Actually, I have no idea if Elmo production failed to scale, but certainly the weeks it takes to ship from China mean that this type of manufacturing fails to scale quickly.

When we scale computer systems, we talk about scaling out or scaling up.  To simplify, scaling up means you buy a bigger computer; if your single processor machine no longer serves, you get a four-processor machine, and so on.  The problem with this strategy is that the first computer is now surplus, and the investment to scale bigger and bigger gets bigger.  Ultimately, you hit a brick wall, and nobody can supply enough processors in a single frame for your needs (that numbers crazy high today, but CPU is only one resource, and other resources hit the wall earlier).

Scaling out is generally favored over scaling up.  When we scale out a system, we start with one low-powered machine, and when demand outstrips its capacity, we add a second identical machine, then a third and so on.   Theoretically, this can go on forever, although practically, you hit design limits on a resource that only scales up; database servers, for example, are often designed to scale up because, well, it’s hard to come up with a database architecture that scales out.

How can we take the idea of scaling out to manufacturing, and how does the small batch platform enable it?

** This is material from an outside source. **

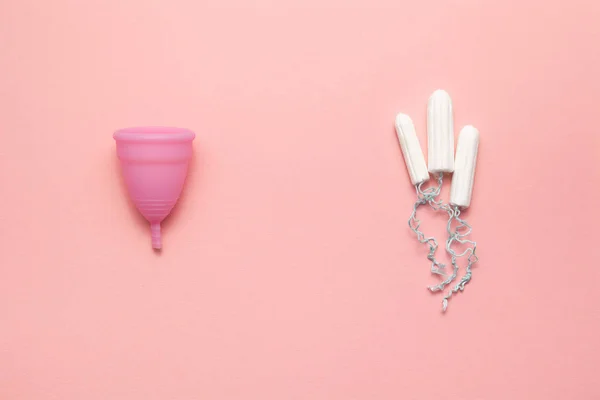 Herbruikbare siliconen menstruele beker en tampons vergelijking op een zachte roze achtergrond. Moderne vrouwelijke intieme alternatieve gynaecologische hygiëne. Eco Zero Waste concept — Stockfoto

Suppose you are a small-batch manufacturer, creating Elmo dolls and selling them into your community.  Suddenly they become wildly popular.  Your neighbours start complaining about the lineup out the door of your small shop; you’re working all night to craft more Elmos on your single set of machines, and they are snapped up each day before noon.  Customers camp out the night before to ensure being first in line for Elmo in the morning and your neighbours complain even more.

You need a way to scale.  Fortunately, your manufacturing platform consists of flexible machines – CNC mills and lathes, 3D printers, laser cutters, and the like.  So, production is easy to replicate.  You could set up a bigger factory, but there’s no room in your small shop, and so, that would take time.

What you need to do is find a partner with a similar capability and license them to produce and sell your Elmo.  They do this in their own community, getting their own lineup of customers out the door, and pay you a license fee for your design.  Both of you are happy.

Not only are you happy, but your customers are happier.  They no longer have to line up outside your small shop to get an Elmo, but can visit your partner whose shop is closer to them.  The planet benefits from this proximity.

What’s more, you and your partners are ramping Elmo production up and down as demand increases and ultimately wanes.  This means there is no post-yuletide Elmo glut, and again the planet is happier.

Scaling up production by scaling out, and then scaling down again is one of the ways that new companies will be more efficient than old-style manufacturing.  And that is one of the reasons why new-style companies are going to eat old-style companies for lunch.